NixOS is a good server OS, except when it isn't

Ever since I built my first NixOS system (I started by building a custom image to upload on DigitalOcean), I’ve been bothered by one thing: the default installation size is large. To give you an idea, this simple system (using flakes):

nixpkgs.lib.nixosSystem {
    system = "x86_64-linux";
    modules = [
        (nixpkgs.outPath + "/nixos/modules/profiles/minimal.nix")
        (nixpkgs.outPath + "/nixos/modules/profiles/headless.nix")
        {
            fileSystems."/".device = "/dev/sda1";
            boot.loader.systemd-boot.enable = true;
        }
    ];
}

ends up taking ~900MB of disk size on my system1! Minimal and headless!

When I started working on improving this, I expected the eventual blog post to be very different than what it became, but you can’t win everything in life. There’s a bit of pain ahead.

The context

I really like Nix and NixOS (I wouldn’t be spending time helping with their documentation otherwise). After spending some time managing NixOS servers, I really can’t see myself going back to other systems unless required by some external factor. I’m also working on a system that has worker machines which will spin up a bunch of microVMs.

Naturally, I wanted to use NixOS both for the worker machines and the microVMs themselves. Currently, the system on the microVMs is taking ~210MB (including kernel) of disk space, but it’s based on Alpine. The worker machines are already using NixOS, but I’d like them to be as lean as possible.

NixOS makes it very simple to manage a server from the outside. You can push an entirely new system configuration without the server changing its behaviour, and then almost atomically switch the server to the new configuration. You can easily configure the whole thing deterministically, deploy the same configuration to multiple servers, and even deploy the same configuration under a VM so you can locally test things if you wish to.

I envisioned a world where all my worker machines ran the bare minimum software required for things to work, which would be an amazing help to lock the system down, prevent any escalations in case some piece of software was broken into, and would also make deployments and tests faster.

And if I could achieve something like that on those machines, why not extend this to the OS running on the microVMs and keep things really lean? This would be super helpful to cut boot times as much as possible, short of using a unikernel.

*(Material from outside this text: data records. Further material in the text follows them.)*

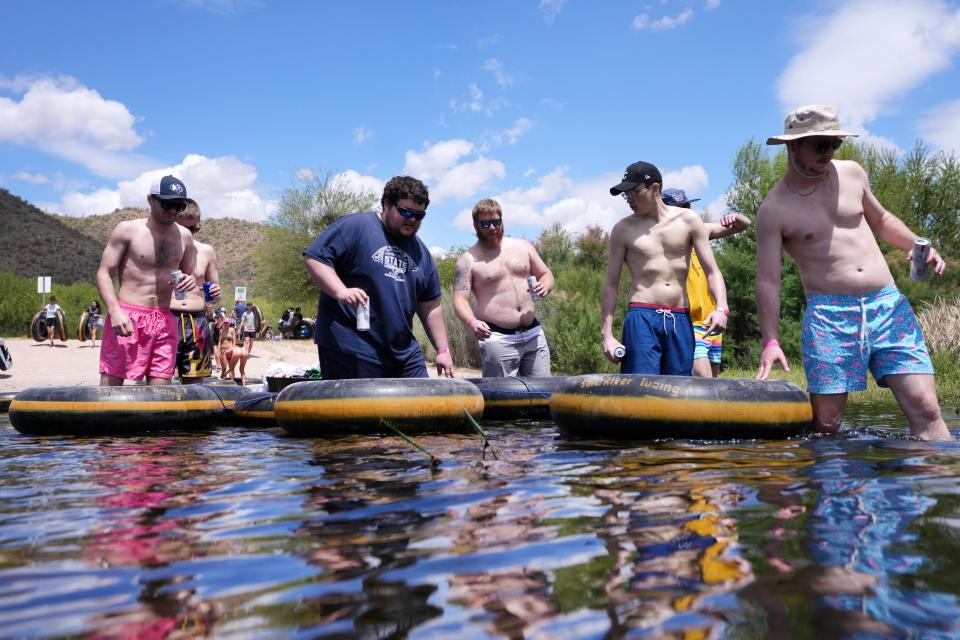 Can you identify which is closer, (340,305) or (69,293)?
(340,305)

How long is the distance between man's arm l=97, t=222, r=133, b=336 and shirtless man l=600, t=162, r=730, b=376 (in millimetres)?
3330

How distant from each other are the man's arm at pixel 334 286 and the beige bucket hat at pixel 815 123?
272cm

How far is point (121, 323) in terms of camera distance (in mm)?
5672

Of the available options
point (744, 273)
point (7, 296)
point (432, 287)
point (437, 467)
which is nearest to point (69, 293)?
point (7, 296)

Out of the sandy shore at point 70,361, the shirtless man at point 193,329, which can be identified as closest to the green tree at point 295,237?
the sandy shore at point 70,361

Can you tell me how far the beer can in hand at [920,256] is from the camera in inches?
169

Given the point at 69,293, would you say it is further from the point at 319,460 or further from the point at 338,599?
the point at 338,599

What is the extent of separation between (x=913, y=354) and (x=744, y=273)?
12.6 meters

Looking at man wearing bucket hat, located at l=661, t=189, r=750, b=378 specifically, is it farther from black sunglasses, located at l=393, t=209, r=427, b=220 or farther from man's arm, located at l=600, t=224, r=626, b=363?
black sunglasses, located at l=393, t=209, r=427, b=220

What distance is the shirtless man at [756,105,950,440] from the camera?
4.32 meters

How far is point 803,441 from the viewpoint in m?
4.50

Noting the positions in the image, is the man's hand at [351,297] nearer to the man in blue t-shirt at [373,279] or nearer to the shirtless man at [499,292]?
the man in blue t-shirt at [373,279]

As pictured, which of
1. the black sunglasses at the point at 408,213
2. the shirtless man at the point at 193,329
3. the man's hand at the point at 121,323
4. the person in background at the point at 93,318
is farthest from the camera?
the person in background at the point at 93,318

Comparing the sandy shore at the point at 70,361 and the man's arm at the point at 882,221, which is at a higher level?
the man's arm at the point at 882,221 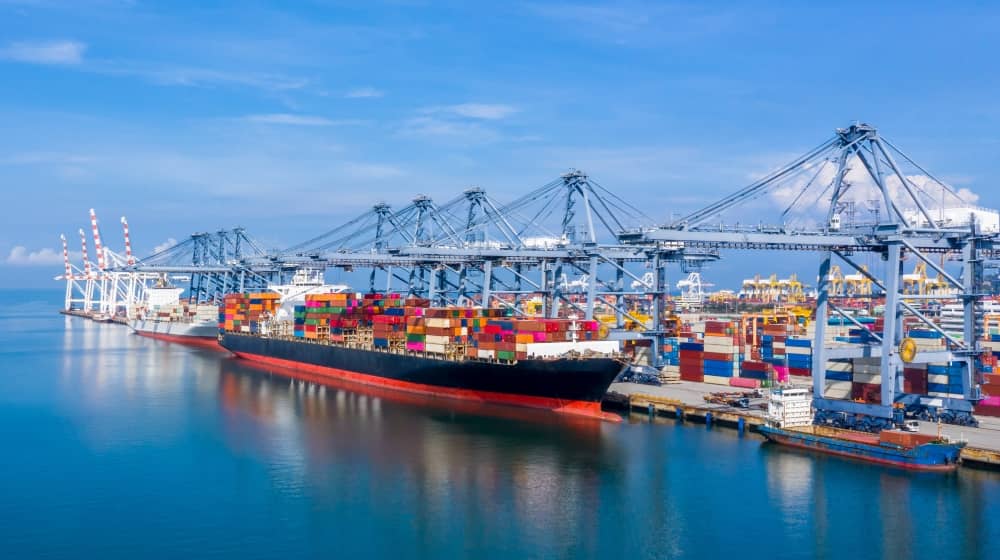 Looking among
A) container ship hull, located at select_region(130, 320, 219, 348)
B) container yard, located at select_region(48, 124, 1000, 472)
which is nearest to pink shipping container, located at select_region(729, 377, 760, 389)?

I knew from my previous experience with NixOS that it didn’t generate lean images by default, so a couple days ago I started looking into this to see if I could fix things, or at least significantly improve them.

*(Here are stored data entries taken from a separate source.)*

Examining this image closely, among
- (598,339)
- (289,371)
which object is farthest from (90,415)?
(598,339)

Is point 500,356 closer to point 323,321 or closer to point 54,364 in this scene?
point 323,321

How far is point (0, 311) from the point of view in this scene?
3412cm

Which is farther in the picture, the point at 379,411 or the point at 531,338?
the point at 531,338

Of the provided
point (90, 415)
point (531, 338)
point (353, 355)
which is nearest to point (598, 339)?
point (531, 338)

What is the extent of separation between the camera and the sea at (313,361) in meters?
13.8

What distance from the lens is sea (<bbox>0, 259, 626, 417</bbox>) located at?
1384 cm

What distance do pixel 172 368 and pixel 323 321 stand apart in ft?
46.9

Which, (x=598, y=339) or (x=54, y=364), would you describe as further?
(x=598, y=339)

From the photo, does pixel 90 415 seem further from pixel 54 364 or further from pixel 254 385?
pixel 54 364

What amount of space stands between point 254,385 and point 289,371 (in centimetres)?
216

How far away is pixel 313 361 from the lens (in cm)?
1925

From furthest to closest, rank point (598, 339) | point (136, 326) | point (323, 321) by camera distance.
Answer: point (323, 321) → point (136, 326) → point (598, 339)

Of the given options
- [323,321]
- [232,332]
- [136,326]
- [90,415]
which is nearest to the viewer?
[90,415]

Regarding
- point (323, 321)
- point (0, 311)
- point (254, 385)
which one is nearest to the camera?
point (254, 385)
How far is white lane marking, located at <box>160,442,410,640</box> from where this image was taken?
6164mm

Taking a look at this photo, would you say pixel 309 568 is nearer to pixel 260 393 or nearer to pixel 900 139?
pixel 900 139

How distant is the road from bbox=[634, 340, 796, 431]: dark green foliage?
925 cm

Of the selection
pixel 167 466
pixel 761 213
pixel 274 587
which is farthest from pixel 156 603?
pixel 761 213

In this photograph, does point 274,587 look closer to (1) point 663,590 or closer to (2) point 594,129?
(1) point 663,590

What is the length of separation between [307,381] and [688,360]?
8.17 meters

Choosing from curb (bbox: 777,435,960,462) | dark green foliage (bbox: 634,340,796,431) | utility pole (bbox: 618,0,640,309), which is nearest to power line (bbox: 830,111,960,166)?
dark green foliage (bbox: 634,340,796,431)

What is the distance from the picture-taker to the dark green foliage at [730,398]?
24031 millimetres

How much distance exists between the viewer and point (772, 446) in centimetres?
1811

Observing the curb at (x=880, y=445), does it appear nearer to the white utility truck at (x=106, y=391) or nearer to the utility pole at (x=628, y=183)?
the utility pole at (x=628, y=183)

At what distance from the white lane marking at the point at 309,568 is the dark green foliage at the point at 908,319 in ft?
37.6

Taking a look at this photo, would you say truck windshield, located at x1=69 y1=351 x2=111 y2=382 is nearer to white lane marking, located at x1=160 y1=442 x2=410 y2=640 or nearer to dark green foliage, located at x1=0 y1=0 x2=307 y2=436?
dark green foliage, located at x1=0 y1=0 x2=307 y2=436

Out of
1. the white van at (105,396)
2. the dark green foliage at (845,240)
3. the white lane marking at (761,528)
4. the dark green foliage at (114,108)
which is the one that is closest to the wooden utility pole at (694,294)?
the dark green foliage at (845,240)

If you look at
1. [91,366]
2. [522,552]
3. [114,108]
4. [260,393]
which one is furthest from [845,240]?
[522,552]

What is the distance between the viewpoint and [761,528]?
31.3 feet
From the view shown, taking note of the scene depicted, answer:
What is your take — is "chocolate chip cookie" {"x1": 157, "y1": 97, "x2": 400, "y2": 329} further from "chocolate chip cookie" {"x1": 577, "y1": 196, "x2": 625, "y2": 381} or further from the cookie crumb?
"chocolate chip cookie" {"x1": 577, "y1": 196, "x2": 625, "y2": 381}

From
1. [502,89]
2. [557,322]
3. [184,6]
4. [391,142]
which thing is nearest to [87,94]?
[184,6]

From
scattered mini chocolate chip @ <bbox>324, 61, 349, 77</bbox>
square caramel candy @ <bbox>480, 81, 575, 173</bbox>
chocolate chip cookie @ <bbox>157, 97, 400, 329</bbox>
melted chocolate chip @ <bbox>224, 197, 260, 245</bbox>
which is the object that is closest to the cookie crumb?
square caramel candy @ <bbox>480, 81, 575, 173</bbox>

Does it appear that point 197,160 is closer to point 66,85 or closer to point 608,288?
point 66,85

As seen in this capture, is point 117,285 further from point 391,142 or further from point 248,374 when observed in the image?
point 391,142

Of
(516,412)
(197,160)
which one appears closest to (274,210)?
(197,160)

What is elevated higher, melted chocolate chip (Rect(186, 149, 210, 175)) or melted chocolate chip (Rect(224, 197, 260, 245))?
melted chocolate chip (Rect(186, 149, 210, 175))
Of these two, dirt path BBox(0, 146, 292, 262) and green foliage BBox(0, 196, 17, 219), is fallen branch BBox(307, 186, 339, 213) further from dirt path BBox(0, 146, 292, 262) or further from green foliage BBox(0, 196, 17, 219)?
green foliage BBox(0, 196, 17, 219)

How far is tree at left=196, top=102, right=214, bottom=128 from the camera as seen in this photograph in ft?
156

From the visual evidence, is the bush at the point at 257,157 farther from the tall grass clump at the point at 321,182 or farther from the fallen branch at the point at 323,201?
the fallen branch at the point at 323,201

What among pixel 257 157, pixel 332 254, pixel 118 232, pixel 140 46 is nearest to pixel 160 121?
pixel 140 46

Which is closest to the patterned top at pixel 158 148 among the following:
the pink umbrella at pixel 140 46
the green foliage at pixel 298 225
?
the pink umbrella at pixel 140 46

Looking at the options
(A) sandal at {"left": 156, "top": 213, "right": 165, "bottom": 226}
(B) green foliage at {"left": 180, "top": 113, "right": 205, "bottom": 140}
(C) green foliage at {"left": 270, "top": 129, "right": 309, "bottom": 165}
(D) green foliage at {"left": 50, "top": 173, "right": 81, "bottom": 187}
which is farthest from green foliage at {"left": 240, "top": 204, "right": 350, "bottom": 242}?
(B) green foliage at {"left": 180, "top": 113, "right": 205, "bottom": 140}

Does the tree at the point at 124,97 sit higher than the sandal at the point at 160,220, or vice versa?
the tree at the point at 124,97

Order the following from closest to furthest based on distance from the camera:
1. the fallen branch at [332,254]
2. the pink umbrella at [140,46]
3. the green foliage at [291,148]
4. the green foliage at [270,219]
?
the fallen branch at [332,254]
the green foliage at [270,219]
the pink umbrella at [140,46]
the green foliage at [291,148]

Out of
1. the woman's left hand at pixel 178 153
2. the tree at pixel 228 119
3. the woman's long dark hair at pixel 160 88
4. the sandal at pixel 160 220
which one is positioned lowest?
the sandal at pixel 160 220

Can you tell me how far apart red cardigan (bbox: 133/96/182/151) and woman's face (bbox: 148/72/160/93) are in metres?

Important: what follows is an analysis of NixOS specifically for the purposes stated here. I don’t really care about having some runtime-flexible server OS which lets me install packages and configure things ad-hoc, I want a thin, locked-down server with the single purpose of running the software I declare, and not a single extra tool in it. (yes, I know I essentially want containers without containers. I comment on this at the end.)

Figuring out package dependencies and their sizes

A curious thing about the Nix ecosystem is that it has some pretty powerful tools, but they’re severely underdocumented, sometimes functionality is hidden by their naming, and/or some tools have some really specific assumptions, which makes it harder to use them more generally.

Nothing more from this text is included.